• **What to do**:
Without the pictures, give every record again exactly.

----------------

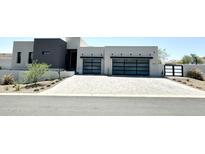 Modern home exterior with two-car garage at 27222 N 64Th Dr, Phoenix, AZ 85083
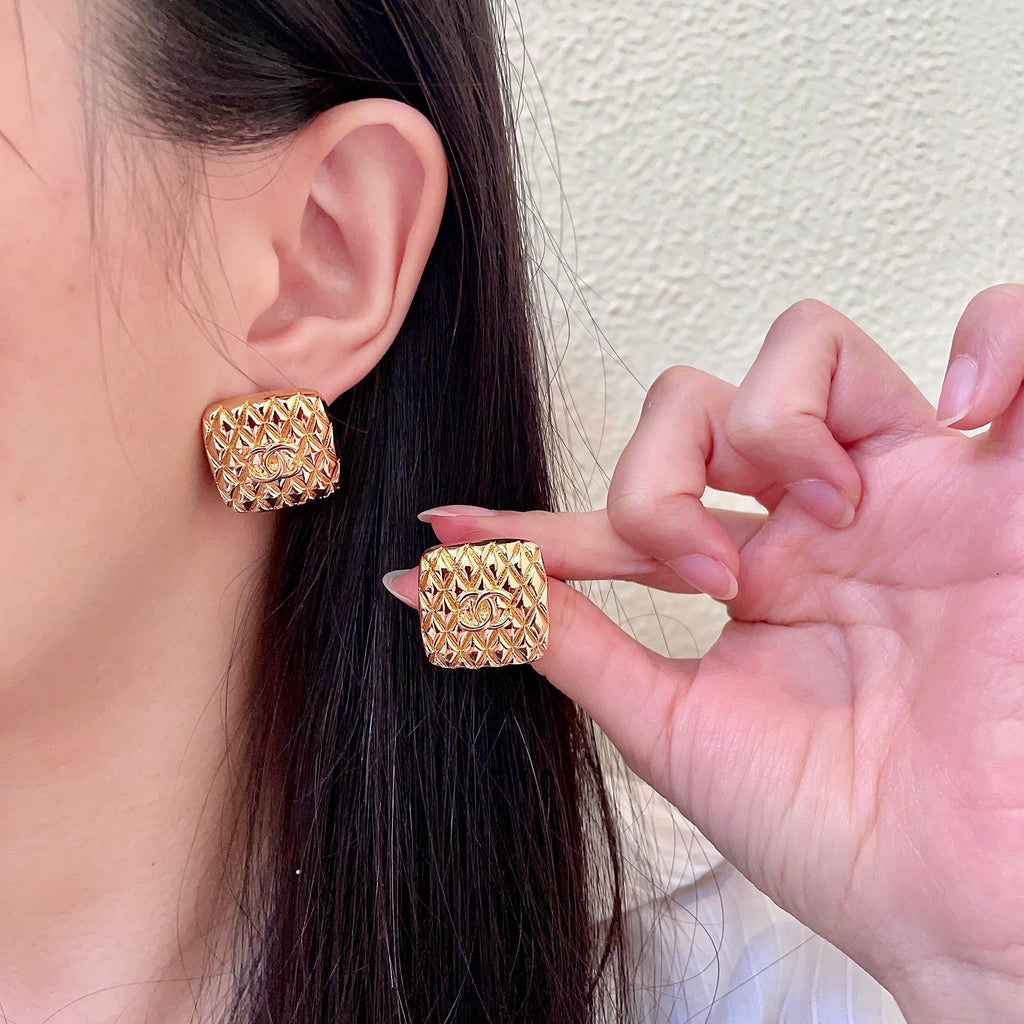 Chanel Interlocking C Stud Earrings - album image 1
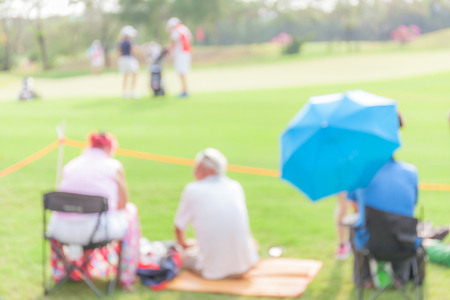 Blurred photo of unidentified people are looking the match in golf tournament.の写真素材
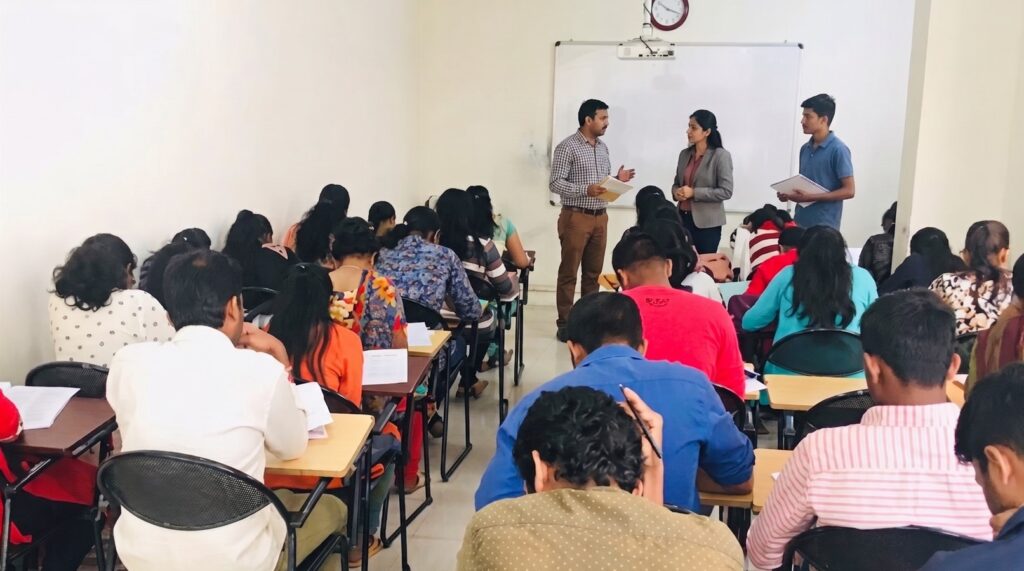 JEE foundation Class 8 students are studying while the teacher discusses with the concerned parent about JEE foundation classes.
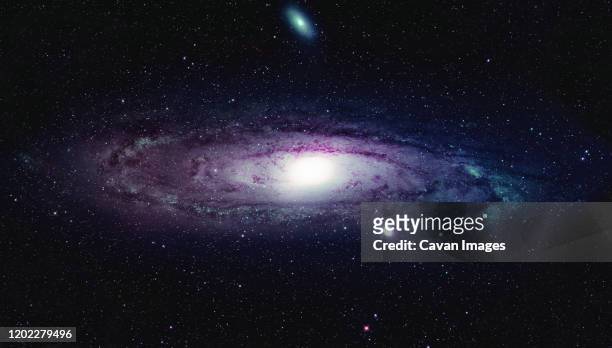 andromeda galaxy and surrounding stars - spiral galaxy stock pictures, royalty-free photos & images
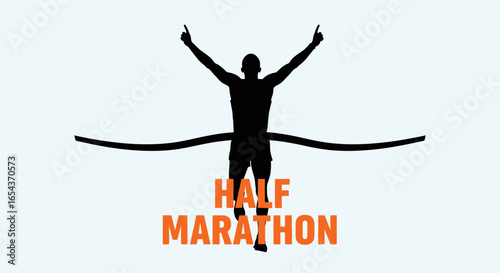 Silhouette of runner crossing finish line at half marathon showcasing victory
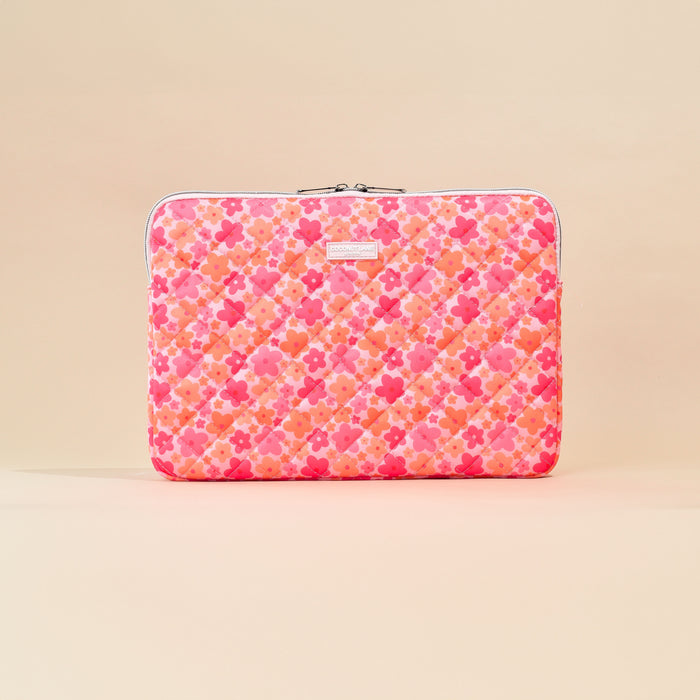 Quilted laptop sleeve in pink and orange with a floral bloom pattern by Coconut Lane.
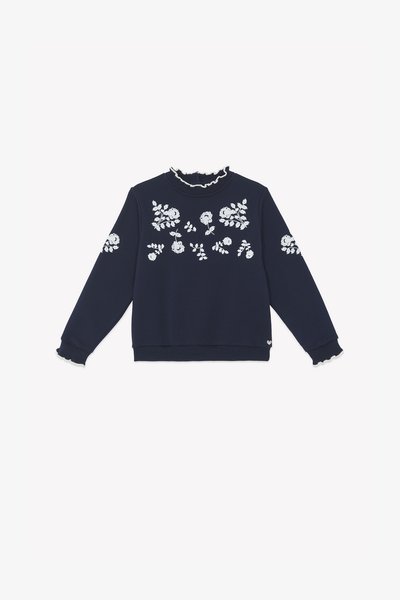 Tengerészkék pulóver fehér virágmintás hímzéssel, fodros nyakkal és mandzsettákkal, hosszú ujakkal és bordázott aljjal. Puha pamut anyag.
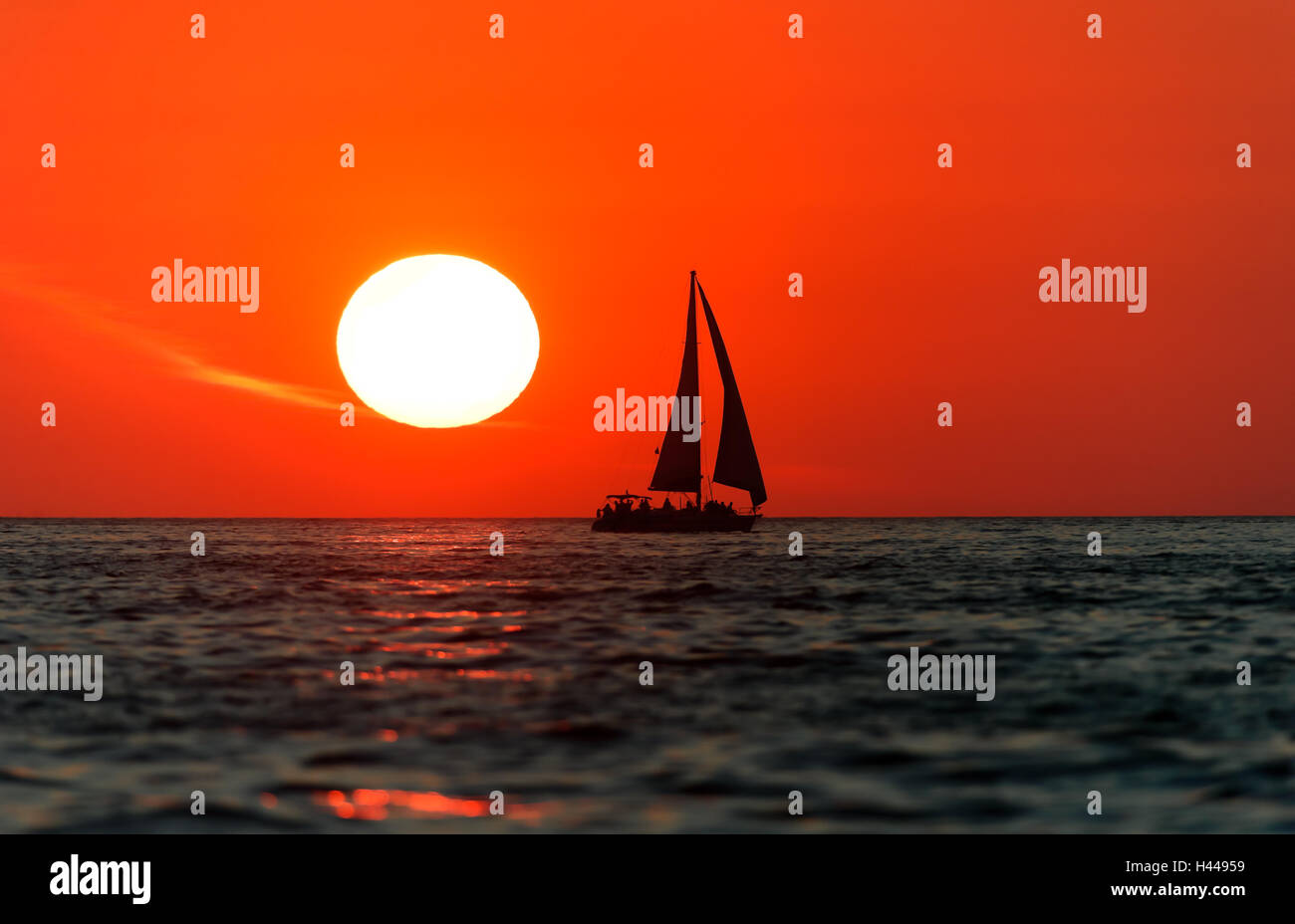 Coucher du soleil est un voilier avec équipage à bord du bateau qui se profile la voile le long de l'océan de l'eau avec un bain de soleil blanc dans le soleil rouge Banque D'Images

----------------

• **Response area**:
 Modern home exterior with two-car garage at 27222 N 64Th Dr, Phoenix, AZ 85083
 Chanel Interlocking C Stud Earrings - album image 1
 Blurred photo of unidentified people are looking the match in golf tournament.の写真素材
 JEE foundation Class 8 students are studying while the teacher discusses with the concerned parent about JEE foundation classes.
 andromeda galaxy and surrounding stars - spiral galaxy stock pictures, royalty-free photos & images
 Silhouette of runner crossing finish line at half marathon showcasing victory
 Quilted laptop sleeve in pink and orange with a floral bloom pattern by Coconut Lane.
 Tengerészkék pulóver fehér virágmintás hímzéssel, fodros nyakkal és mandzsettákkal, hosszú ujakkal és bordázott aljjal. Puha pamut anyag.
 Coucher du soleil est un voilier avec équipage à bord du bateau qui se profile la voile le long de l'océan de l'eau avec un bain de soleil blanc dans le soleil rouge Banque D'Images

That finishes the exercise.